Student Body President Cody Westphal said at a Student Government Association meeting Tuesday that he wants to start a new tradition at TCU similar to Texas A&M’s “Midnight Yell.”
The Midnight Yell is a pep rally held at Texas A&M University at midnight a day or two before football games. Students learn new chants and practice them before using them during a game.
“I really look up to the yell leader model at A&M,” Westphal said.
Westphal said if TCU could replicate a pep rally similar to the Midnight Yell, it would increase school spirit.
“In the way of a Horned Frog, [those leaders] would lead chants the night before, lead pep rallies on the field and really be ambassadors for the university,” he said.
Westphal said he wants to create an atmosphere that encourages both support for the team and also allows students to build community.
“It’s really something to be proud of on a lot of levels. That’s the kind of model I want, something to showcase school spirit,” he said. “It’s also more than just supporting our team; it’s also wanting to hang out with each other.”
Ideally, there would be a pep rally the night before a home game as well as an event on game day, Westphal said. As for complications, engaging upperclassmen and those who don’t live on campus could be the biggest obstacle.

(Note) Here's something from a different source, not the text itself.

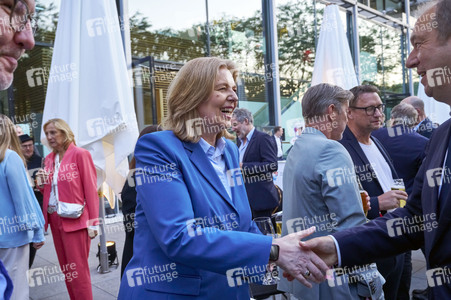 Sommerfest der Landesvertretung Niedersachsen in Berlin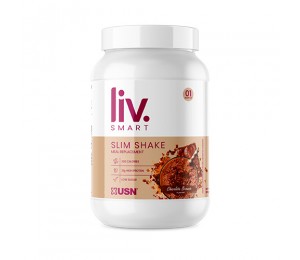 Usn Liv.Smart Slim Shake (550g) Chocolate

Senior history major Chris Bushman said it would be a good idea to have a pep rally before game days.
“I think it would be pretty cool to display more school spirit,” he said. “And a lot of students meeting the athletes would be really cool. I’d definitely go to one.”
Chris Cochran, a junior political science major, said he shared Bushman’s enthusiasm.

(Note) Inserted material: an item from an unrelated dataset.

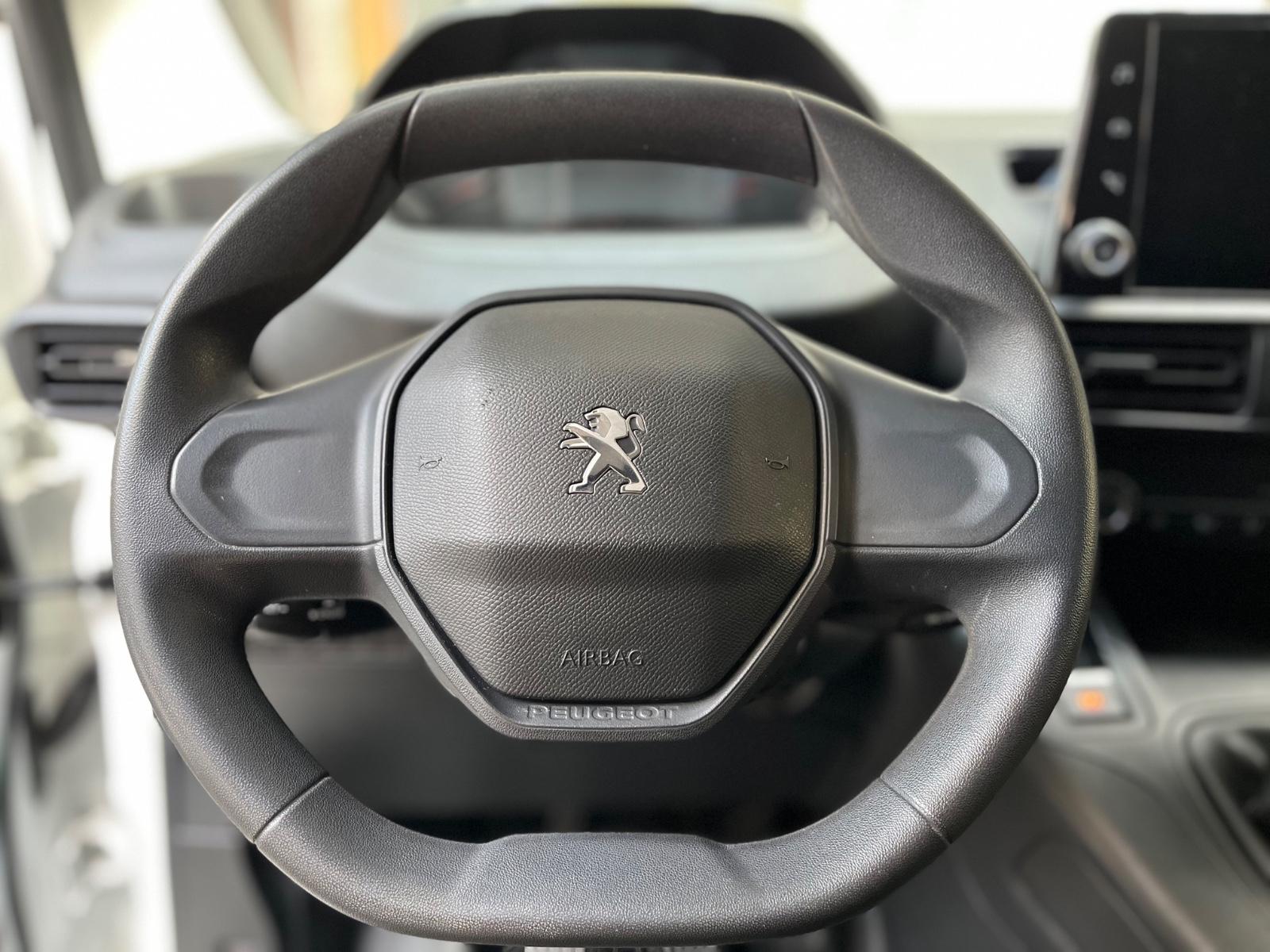 Peugeot Partner Premium L1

“If they could pull something like that off, yeah I think that’d be great,” he said. “That would definitely help show our school spirit.”
Westphal said he doesn’t believe a school can ever have too much school spirit.

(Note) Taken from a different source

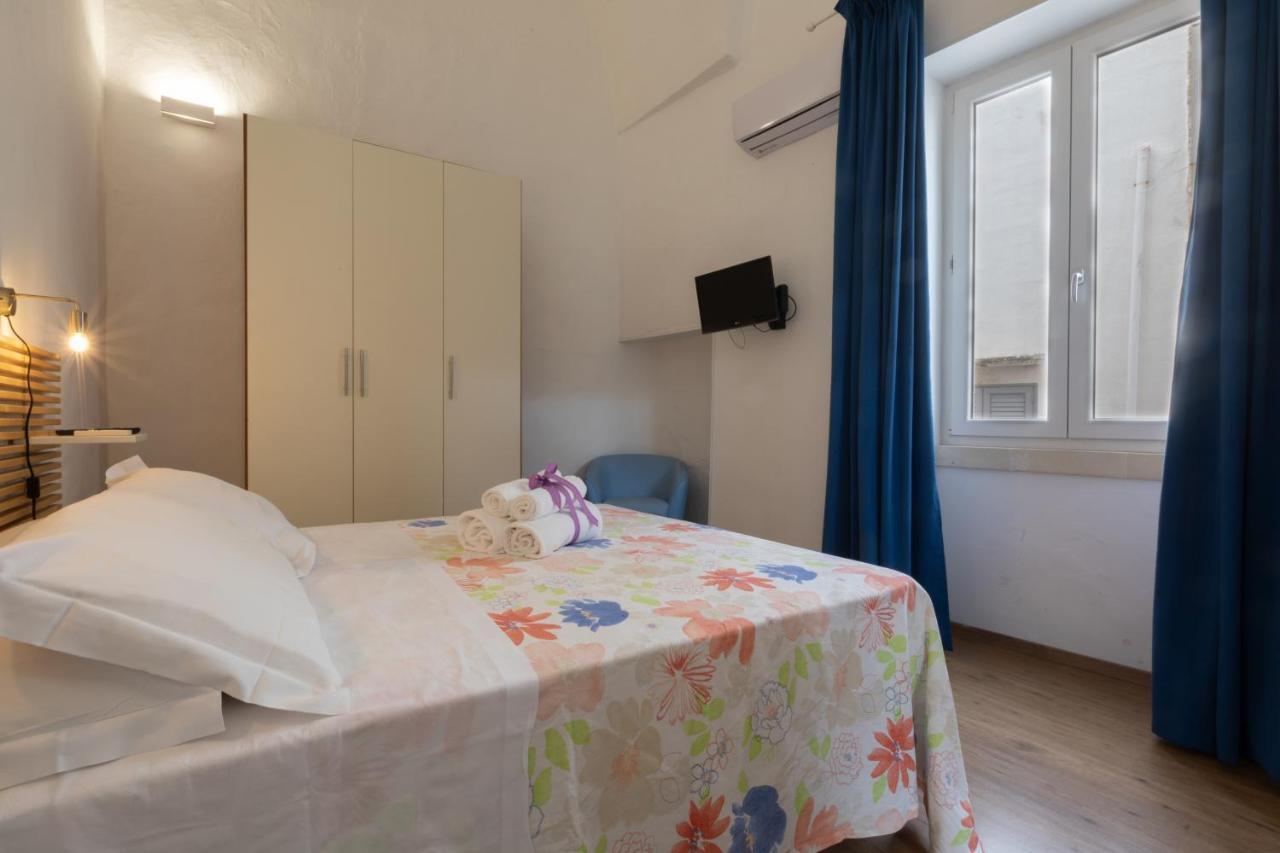 B&B Dimora San Vincenzo Gallipoli Exterior photo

“I like the support we see now, but I’m kind of the guy that says we can do better,” he said. “I’d like to see students stay one more quarter, or go to one more basketball game.”
Westphal said he wanted to make it clear that the plans are still in the early development stages.
The idea, Westphal said, came from a conversation he had with first-year student Adam Beasley. After having that conversation, he said he spoke with Michael Drozd, the head of the Riot, a student spirit group, for additional information.
“Students have already shown interest in just preliminary talks,” Westphal said. “It’s not even really my idea. I’m just trying to put it together because that’s my job.”